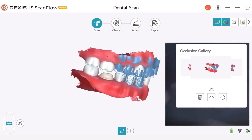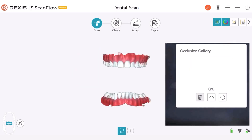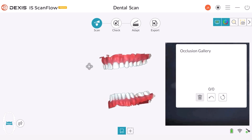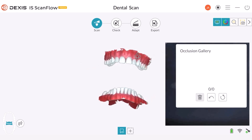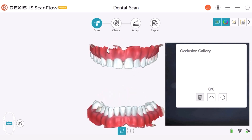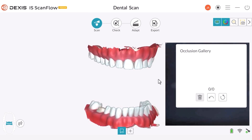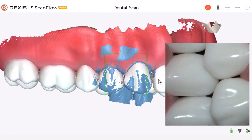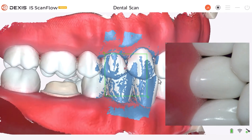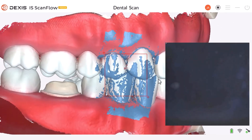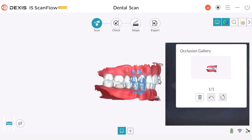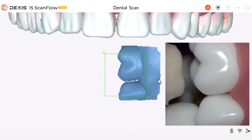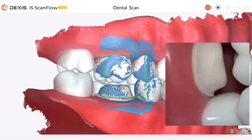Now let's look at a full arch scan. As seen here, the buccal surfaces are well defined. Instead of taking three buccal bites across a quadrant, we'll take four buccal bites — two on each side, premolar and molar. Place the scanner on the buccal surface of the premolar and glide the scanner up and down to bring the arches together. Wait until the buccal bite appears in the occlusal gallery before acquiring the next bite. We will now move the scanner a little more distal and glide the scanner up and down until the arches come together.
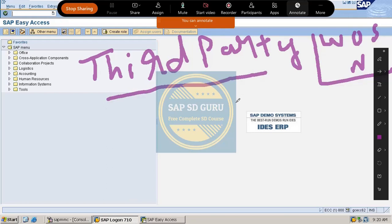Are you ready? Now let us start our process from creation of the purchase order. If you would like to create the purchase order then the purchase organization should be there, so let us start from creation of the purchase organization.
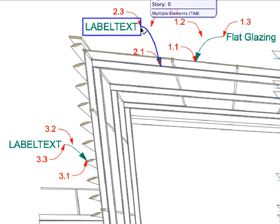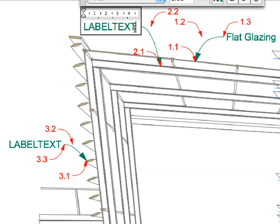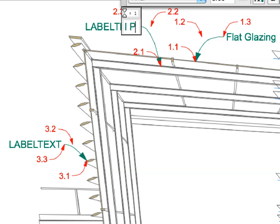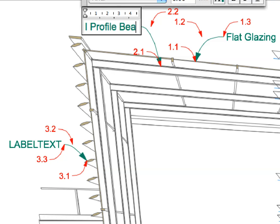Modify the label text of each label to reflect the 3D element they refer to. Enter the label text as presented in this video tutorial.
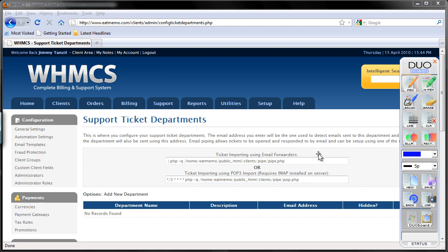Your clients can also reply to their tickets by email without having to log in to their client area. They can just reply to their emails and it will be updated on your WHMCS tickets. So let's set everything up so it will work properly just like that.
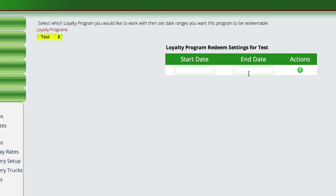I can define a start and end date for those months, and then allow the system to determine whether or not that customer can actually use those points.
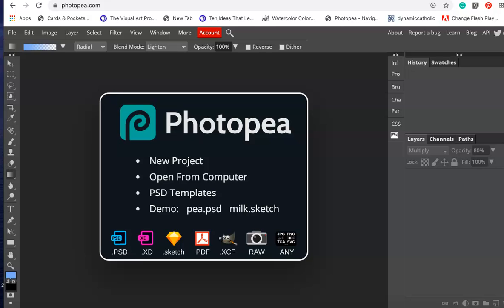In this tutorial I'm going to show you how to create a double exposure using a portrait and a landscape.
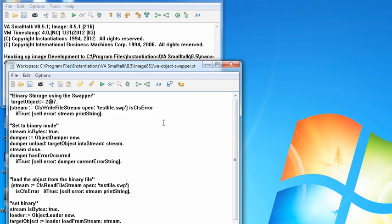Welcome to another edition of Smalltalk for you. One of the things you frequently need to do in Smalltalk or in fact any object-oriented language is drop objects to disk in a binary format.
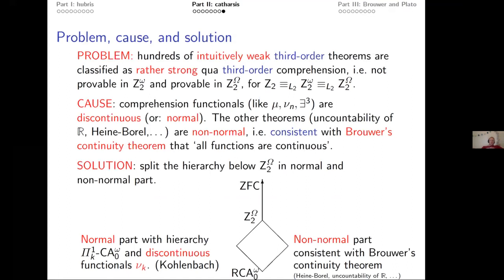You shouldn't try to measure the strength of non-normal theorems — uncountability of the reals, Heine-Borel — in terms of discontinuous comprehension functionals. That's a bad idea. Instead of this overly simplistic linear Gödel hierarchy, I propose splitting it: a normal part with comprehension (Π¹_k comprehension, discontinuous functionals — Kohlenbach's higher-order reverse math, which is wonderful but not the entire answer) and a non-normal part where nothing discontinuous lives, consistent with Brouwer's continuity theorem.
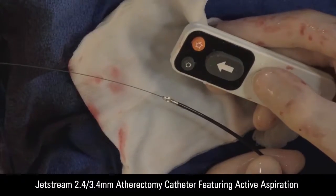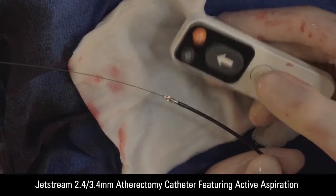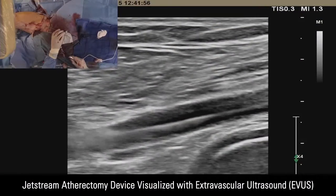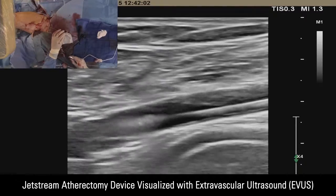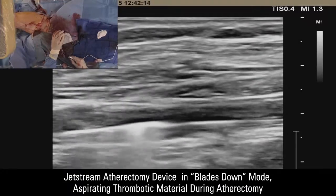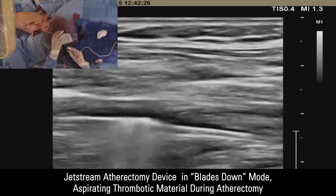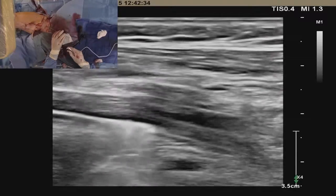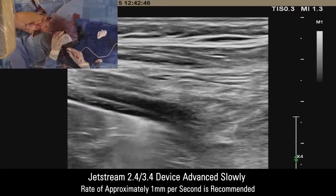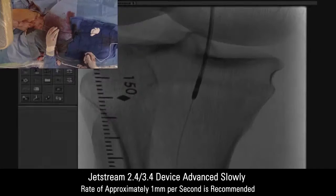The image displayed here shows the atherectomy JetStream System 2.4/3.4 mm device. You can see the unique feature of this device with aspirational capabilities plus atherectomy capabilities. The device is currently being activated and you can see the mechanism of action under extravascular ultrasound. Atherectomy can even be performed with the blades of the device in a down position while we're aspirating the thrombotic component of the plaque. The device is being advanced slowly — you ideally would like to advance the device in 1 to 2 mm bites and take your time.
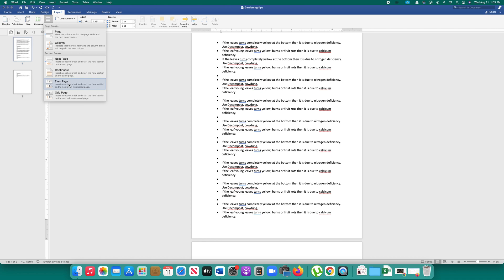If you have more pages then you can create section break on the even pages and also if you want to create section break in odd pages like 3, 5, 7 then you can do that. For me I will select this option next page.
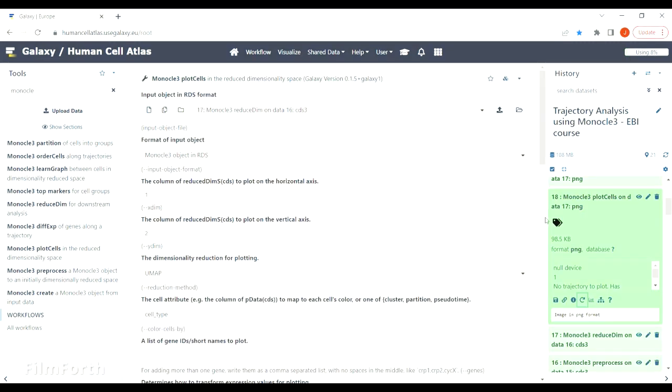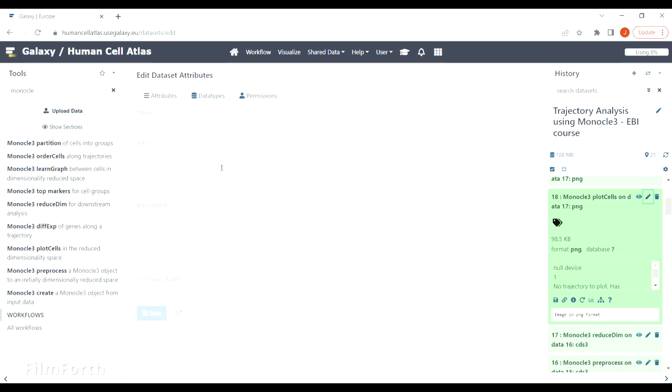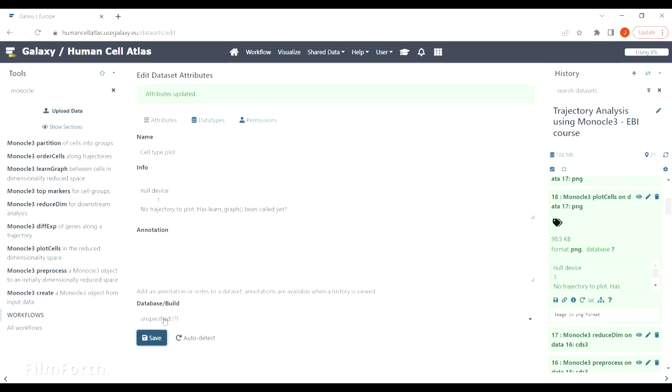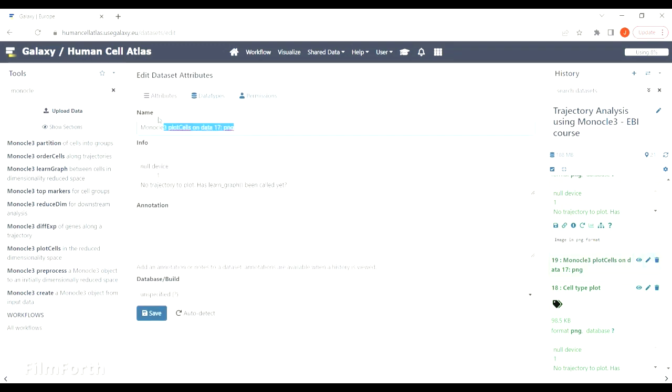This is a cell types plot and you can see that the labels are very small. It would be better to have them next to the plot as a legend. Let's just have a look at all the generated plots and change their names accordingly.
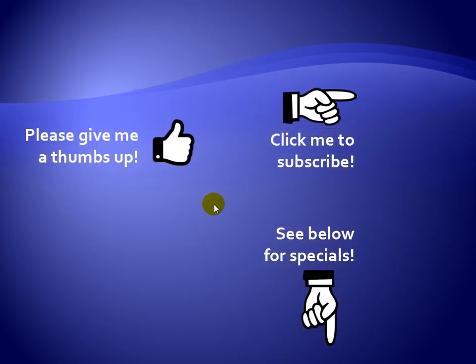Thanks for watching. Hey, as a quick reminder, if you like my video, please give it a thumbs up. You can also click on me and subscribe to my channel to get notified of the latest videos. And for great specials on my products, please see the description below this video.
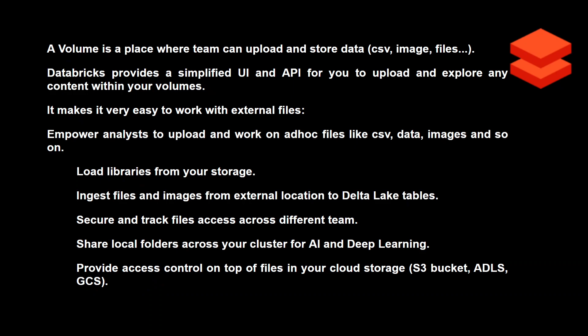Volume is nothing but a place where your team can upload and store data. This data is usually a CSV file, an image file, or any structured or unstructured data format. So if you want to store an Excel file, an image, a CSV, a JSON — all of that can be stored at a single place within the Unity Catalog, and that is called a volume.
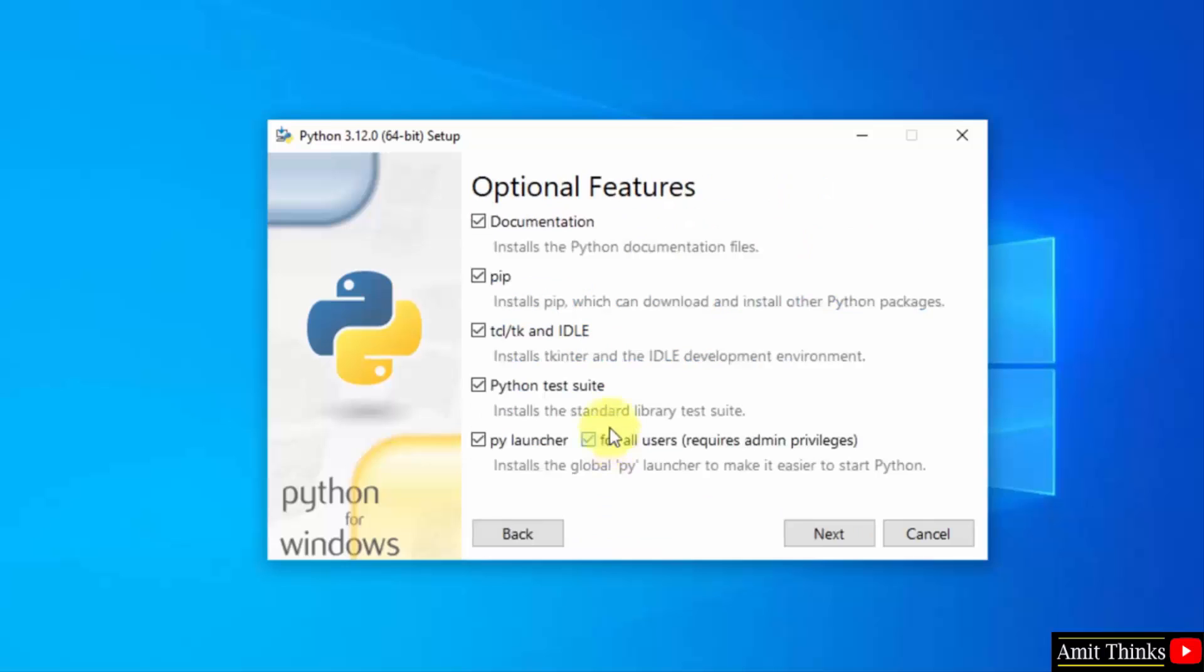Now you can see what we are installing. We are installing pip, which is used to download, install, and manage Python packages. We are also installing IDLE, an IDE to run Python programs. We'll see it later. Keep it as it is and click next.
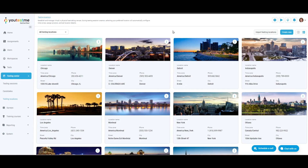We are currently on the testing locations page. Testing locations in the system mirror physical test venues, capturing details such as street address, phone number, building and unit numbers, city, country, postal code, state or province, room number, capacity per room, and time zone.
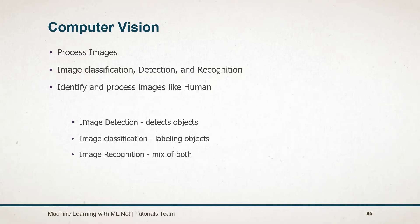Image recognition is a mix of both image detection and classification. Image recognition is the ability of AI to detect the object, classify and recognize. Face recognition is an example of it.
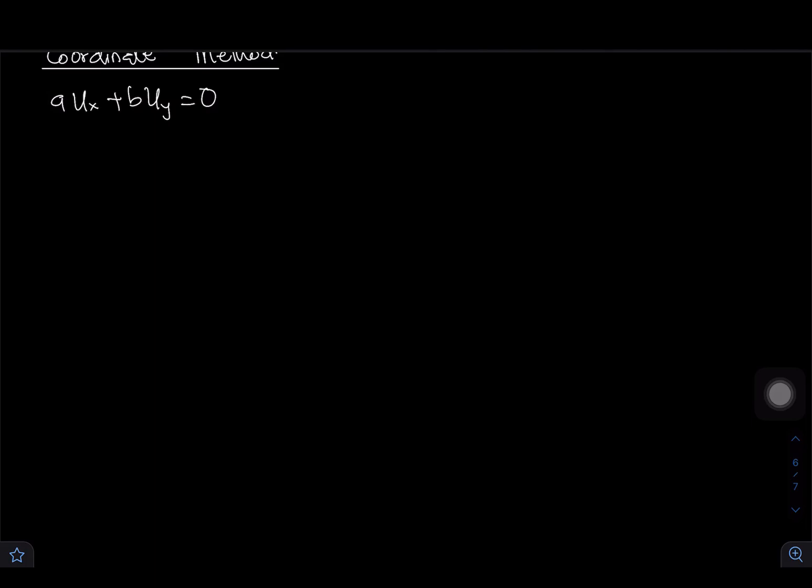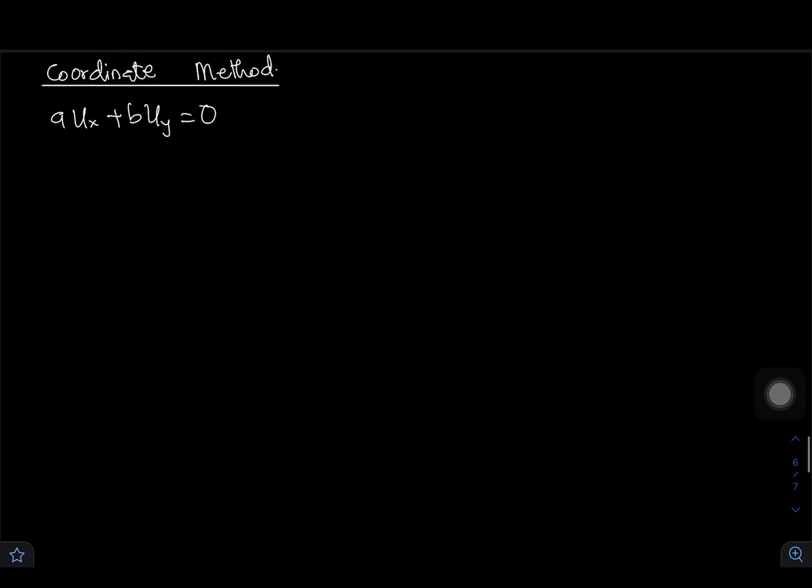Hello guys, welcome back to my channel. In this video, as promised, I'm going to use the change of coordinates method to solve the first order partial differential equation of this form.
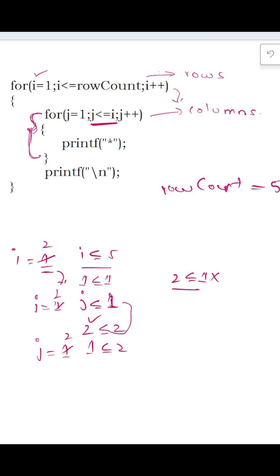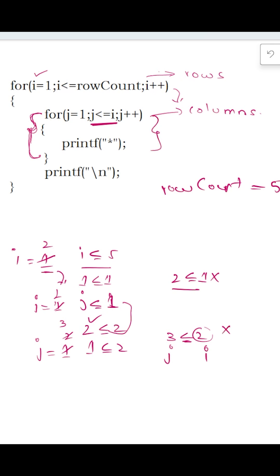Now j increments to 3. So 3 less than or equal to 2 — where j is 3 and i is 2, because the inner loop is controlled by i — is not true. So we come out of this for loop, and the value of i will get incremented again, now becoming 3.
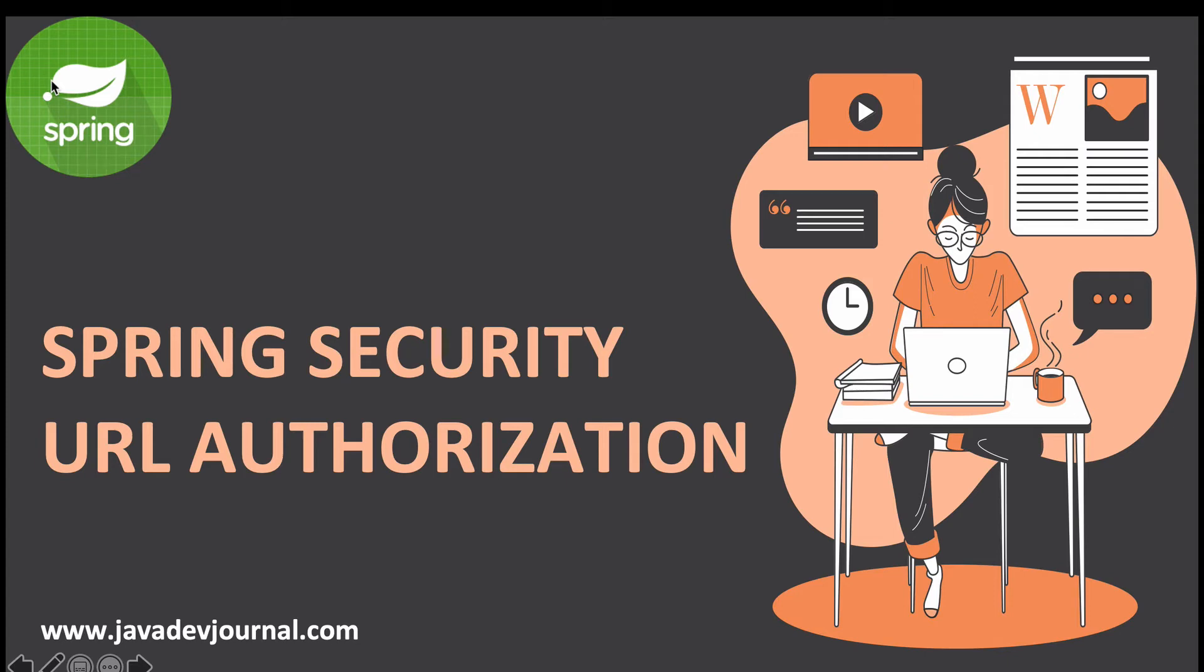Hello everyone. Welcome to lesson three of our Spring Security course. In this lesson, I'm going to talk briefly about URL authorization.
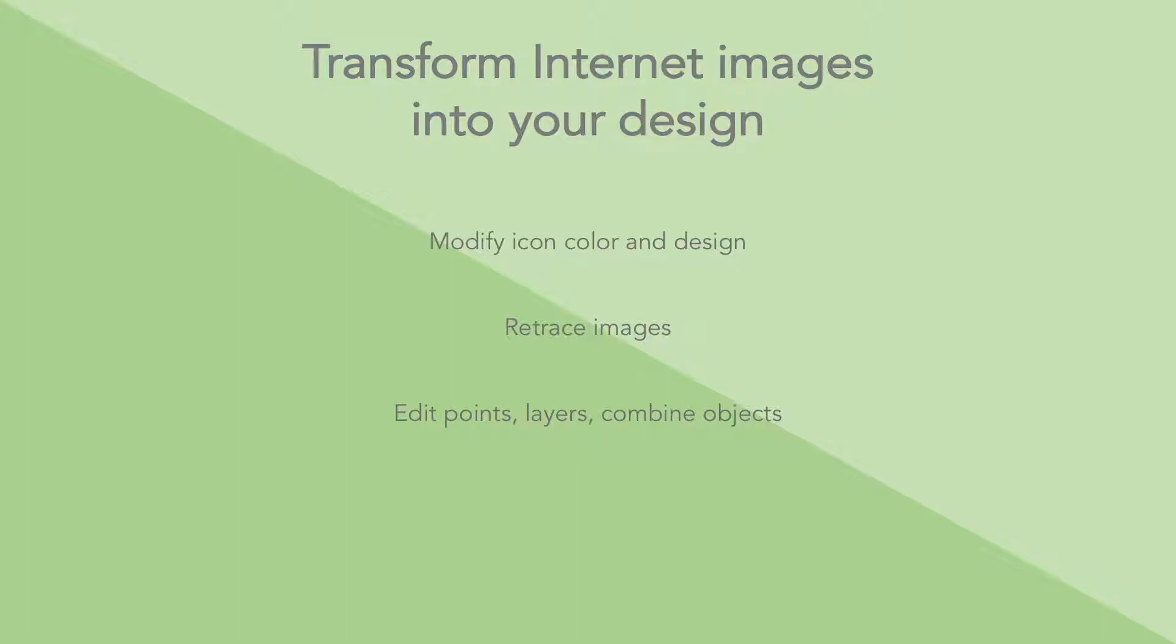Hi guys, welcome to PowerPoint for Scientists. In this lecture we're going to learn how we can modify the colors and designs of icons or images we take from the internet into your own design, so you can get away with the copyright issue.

*WHAT YOU NEED TO DO*: Print the part of the listing above that opens with the line containing "In this tutorial" and closes with the line containing "Welcome to another". Copy it exactly, both ends included, and omit the pictures.

*RESULT*:
In this tutorial I'm going to show you how to create a double exposure using a portrait and a landscape.
Welcome to another edition of Smalltalk for you. One of the things you frequently need to do in Smalltalk or in fact any object-oriented language is drop objects to disk in a binary format.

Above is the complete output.